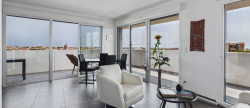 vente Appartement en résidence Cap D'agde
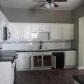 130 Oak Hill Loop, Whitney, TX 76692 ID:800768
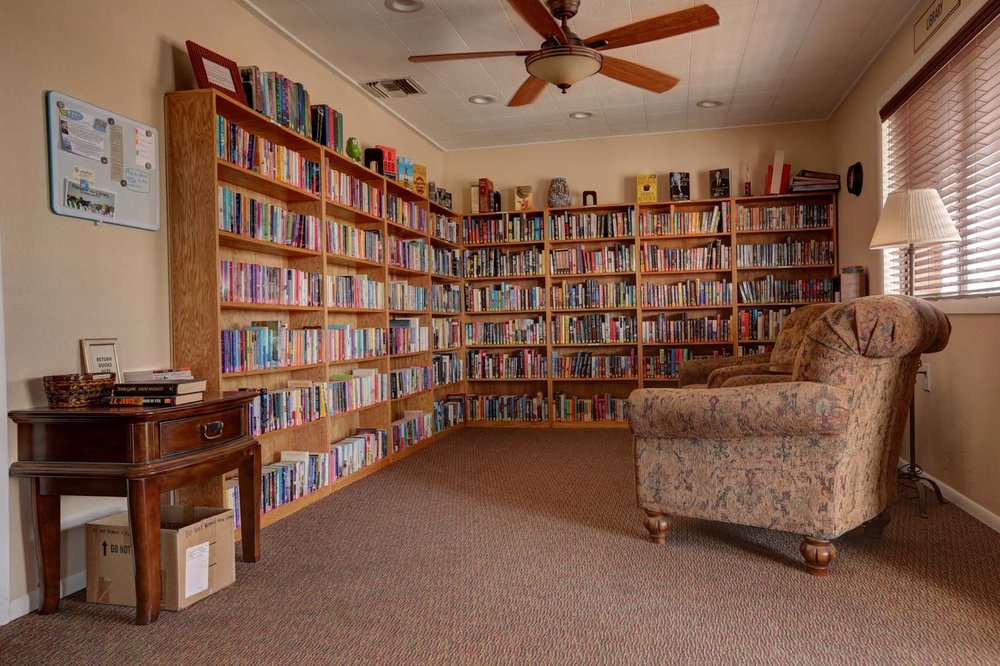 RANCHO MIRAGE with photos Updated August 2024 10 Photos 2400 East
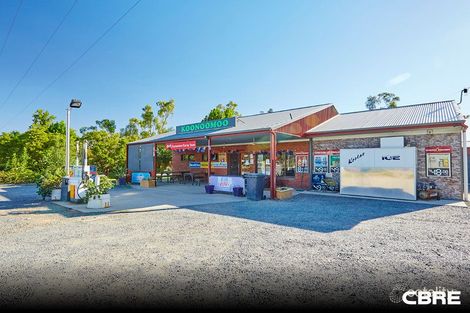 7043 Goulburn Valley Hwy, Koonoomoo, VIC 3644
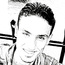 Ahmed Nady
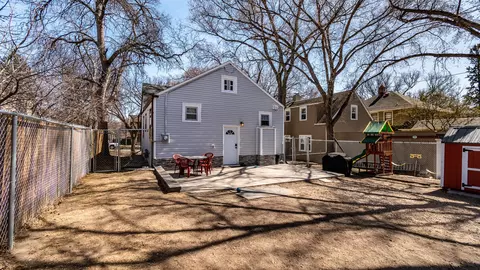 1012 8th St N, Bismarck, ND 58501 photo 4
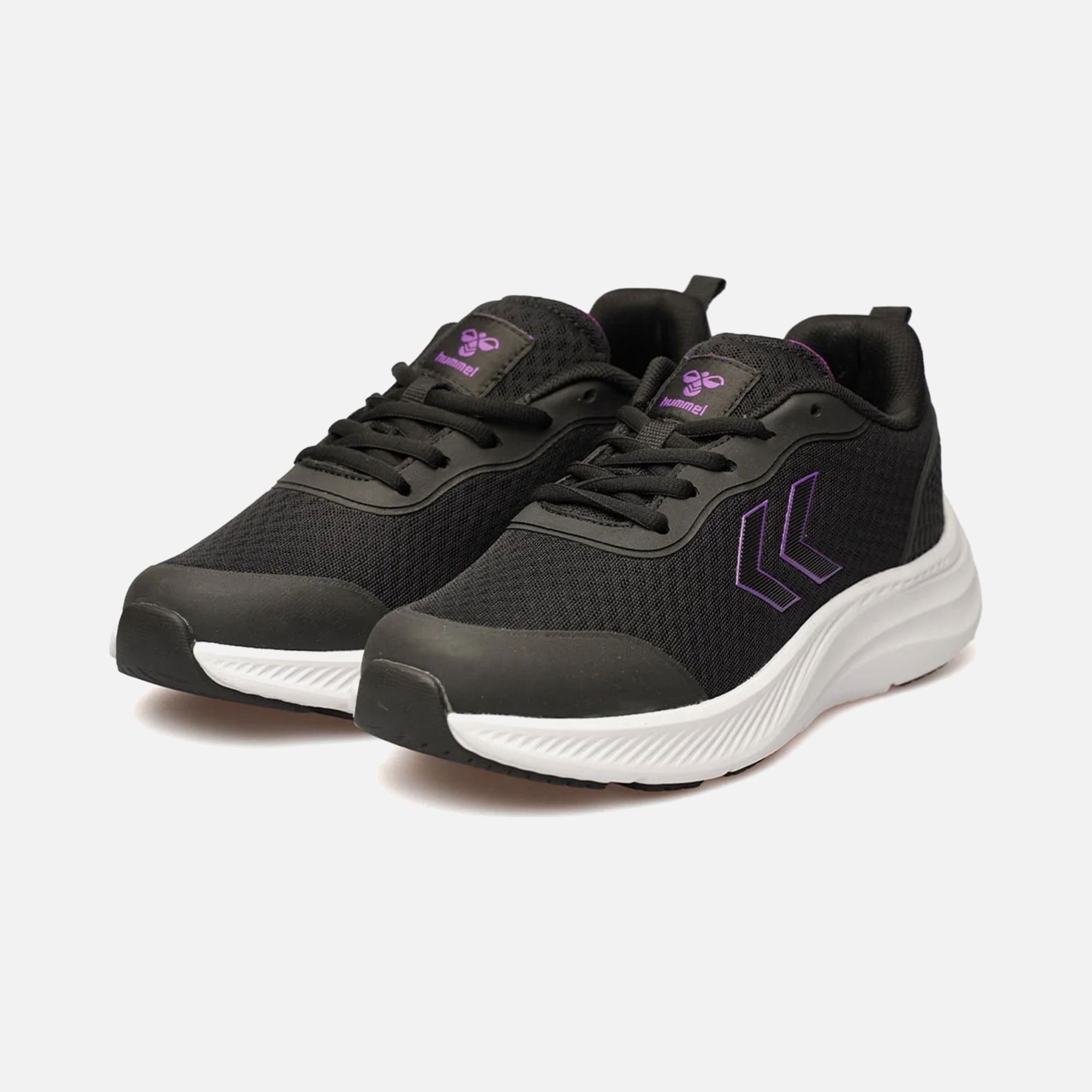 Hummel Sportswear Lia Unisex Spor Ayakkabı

* * * * * * *

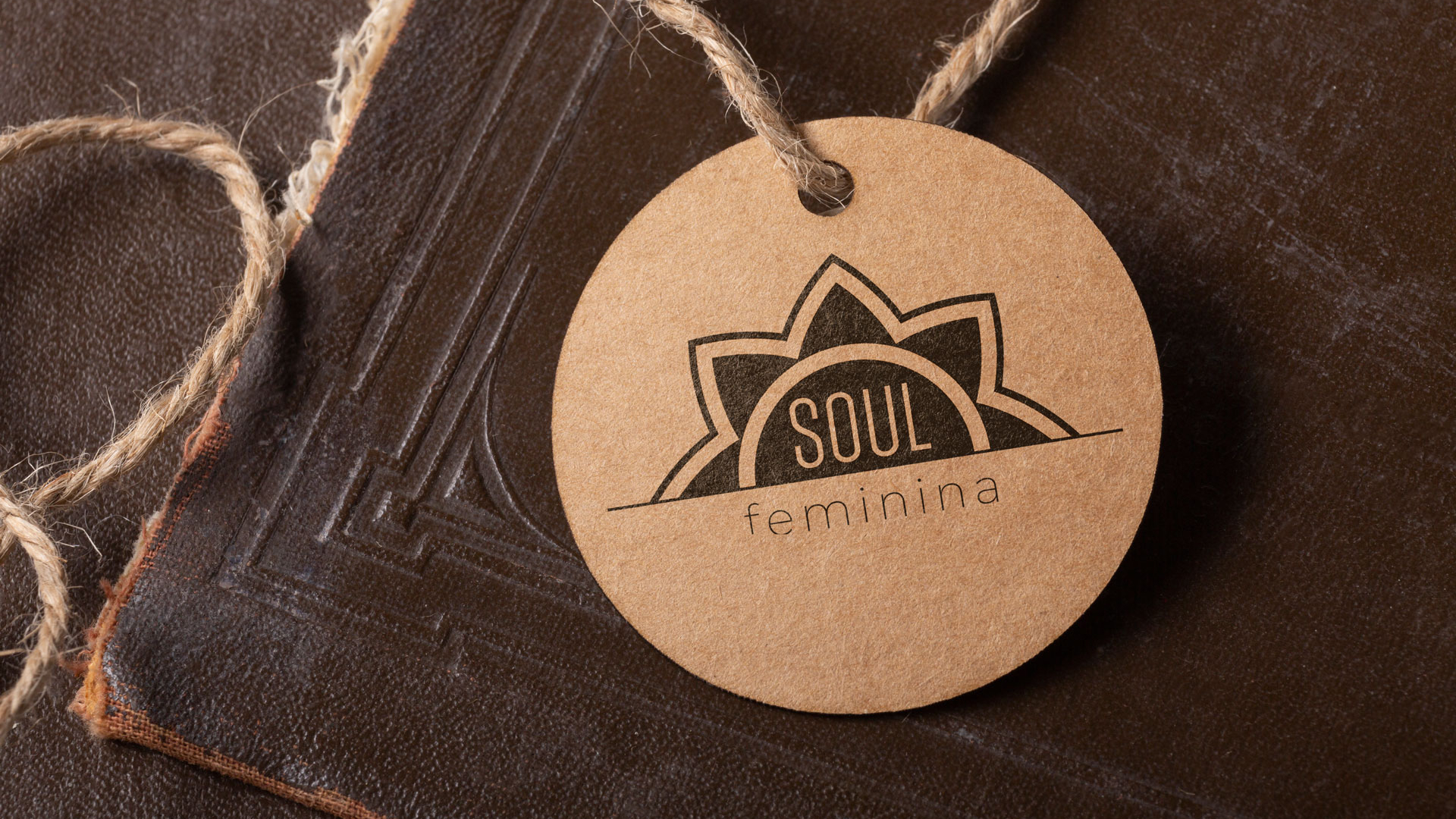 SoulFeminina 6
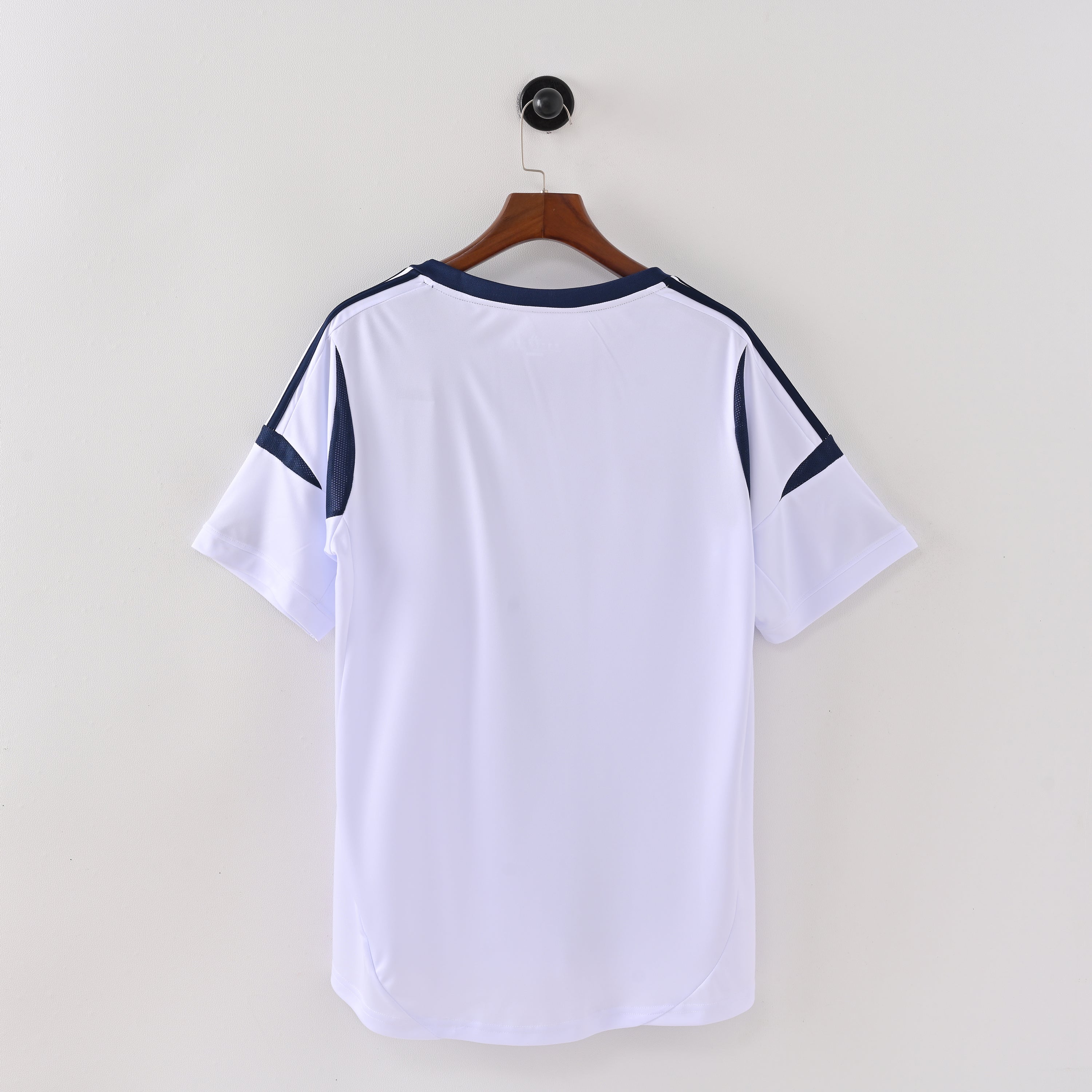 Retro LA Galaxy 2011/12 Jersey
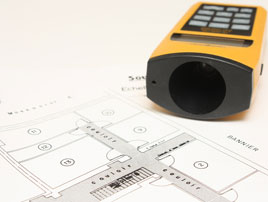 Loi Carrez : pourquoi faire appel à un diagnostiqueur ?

* * * * * * *

:: DESCRIPTION OF THE TASK ::
Give back exactly, and solely, the section of the data above bounded by the line containing "Retro LA Galaxy 2011/12 Jersey" and the line containing "Loi Carrez : pourquoi", both bounding lines included and pictures omitted.

:: TASK RESPONSE ::
 Retro LA Galaxy 2011/12 Jersey
 Loi Carrez : pourquoi faire appel à un diagnostiqueur ?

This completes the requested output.